If you are reusing a local tt-mlir checkout, create the expected mirror path:

cd /workspace/xla-dev/tt-xla
mkdir -p third_party/tt-mlir/src
ln -sfn /workspace/xla-dev/tt-mlir third_party/tt-mlir/src/tt-mlir
ls -l /workspace/xla-dev/tt-mlir/env/CMakeLists.txt

Then clean the stale external-project artifacts and rebuild:

rm -rf build third_party/tt-mlir/src/tt-mlir-stamp

cmake -G Ninja -B build \
-DTT_MLIR_VERSION=develop \
-DUSE_BOS_SEMI_TTMLIR=ON \
-DUSE_CUSTOM_TT_MLIR_VERSION=ON \
-DUSE_BOS_REPO=ON

cmake --build build --verbose

If /workspace/xla-dev/tt-mlir/env/CMakeLists.txt is missing in the real checkout, stop there: that usually means the tt-mlir branch is incompatible with the tt-xla revision you are using.
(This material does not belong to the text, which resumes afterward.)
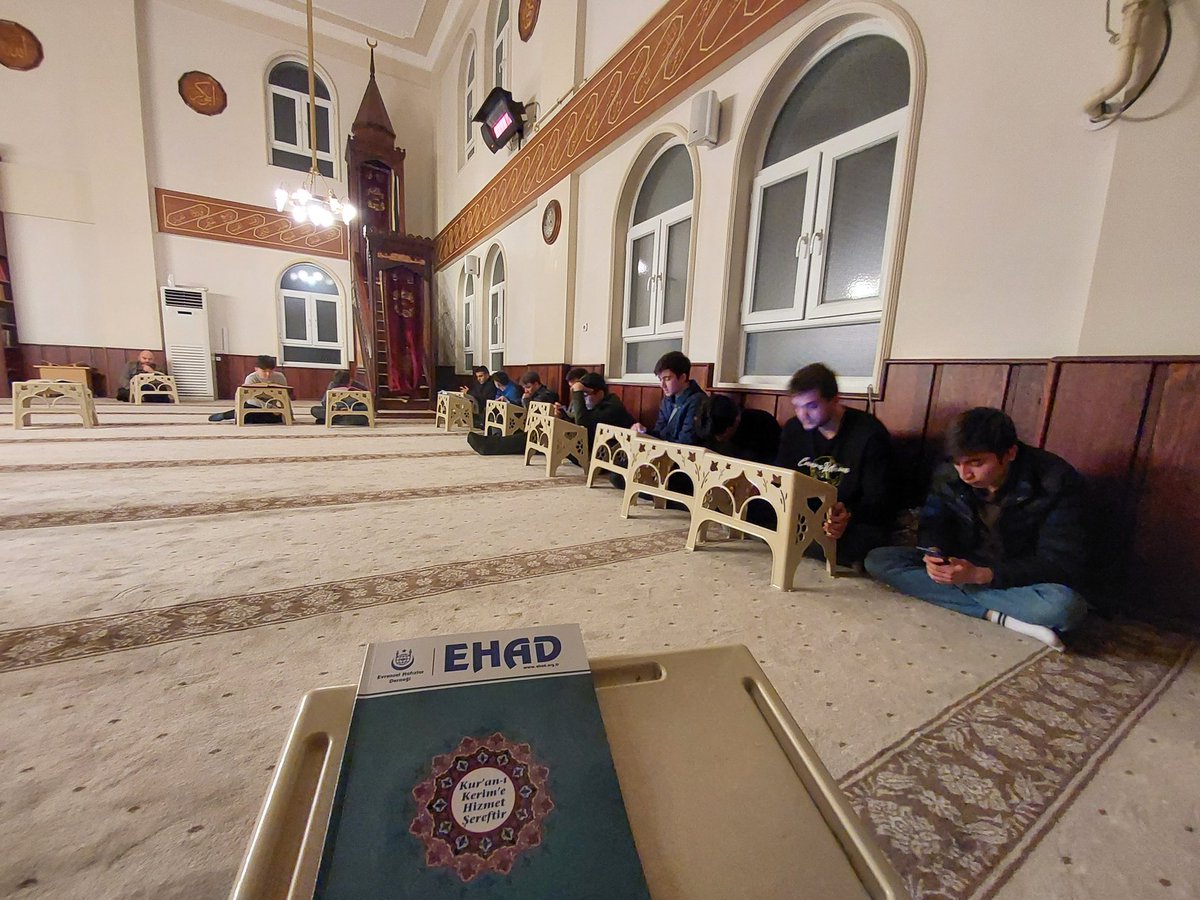 EhadKarabuk's tweet photo. Genç Hafız kardeşlerimizle Regaib kandilinde Kur'an-ı Kerim, sohbetler,  etkinlikler ve ikramlar ile geceyi beraber geçirdik. https://t.co/GL0pb8ZuSB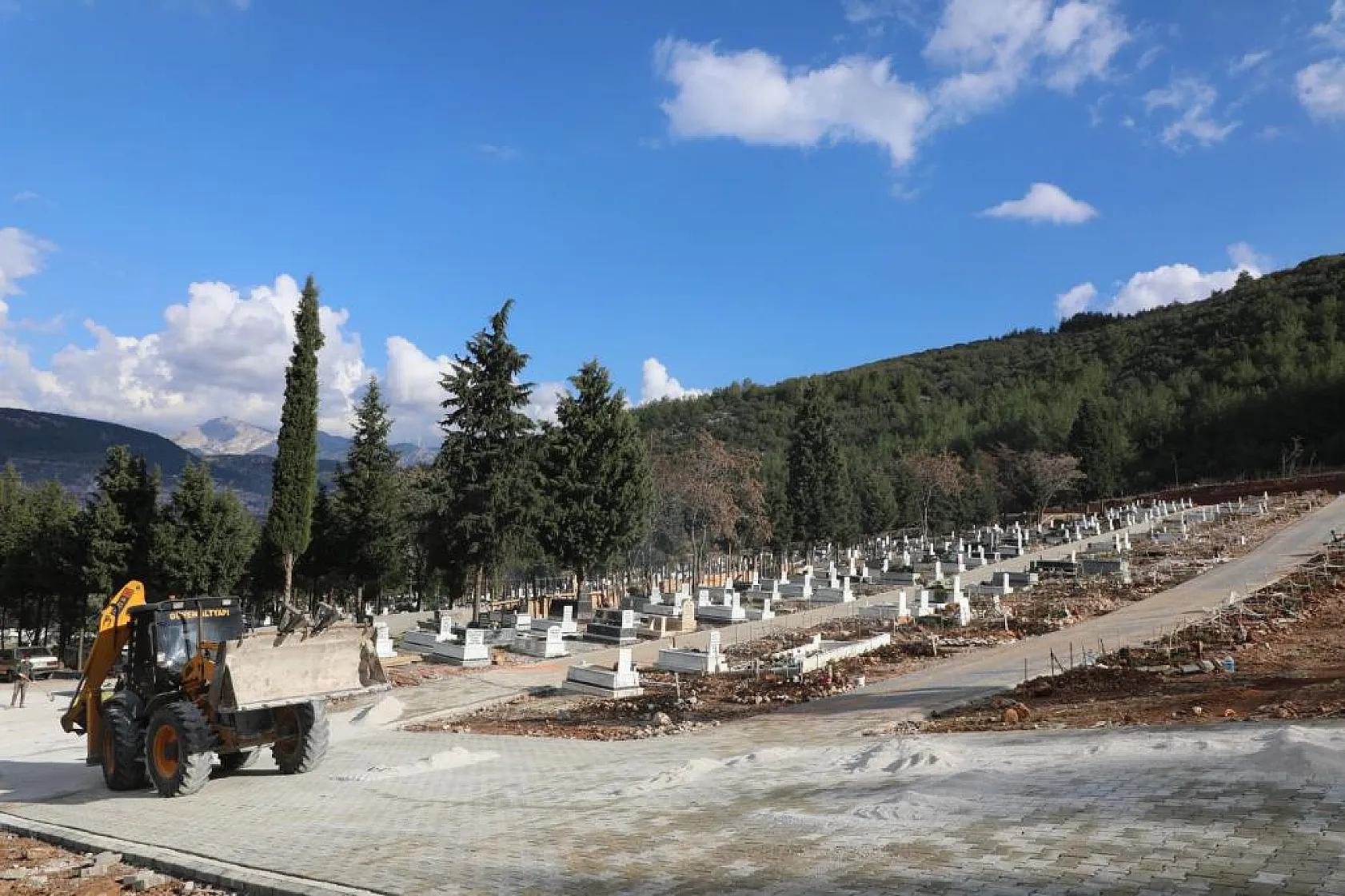 1430 mezarlık alanda çalışmalar sürüyor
Verify mounts before debugging the build

This quick check from the trials page is worth repeating whenever the container is recreated:

ls -la /workspace/xla-dev/tt-xla
ls -la /workspace/xla-dev/tt-mlir
ls -la /workspace/tt-metal

If any of these are missing, fix the mount configuration first.

core_assignment.cpp unused-variable build failure

This is a known BOS issue from the local Confluence snapshot. If it appears in your environment, patch the affected variables with [[maybe_unused]] and rebuild. Keep this as a targeted fix; do not apply it pre-emptively unless your build actually hits that compiler error.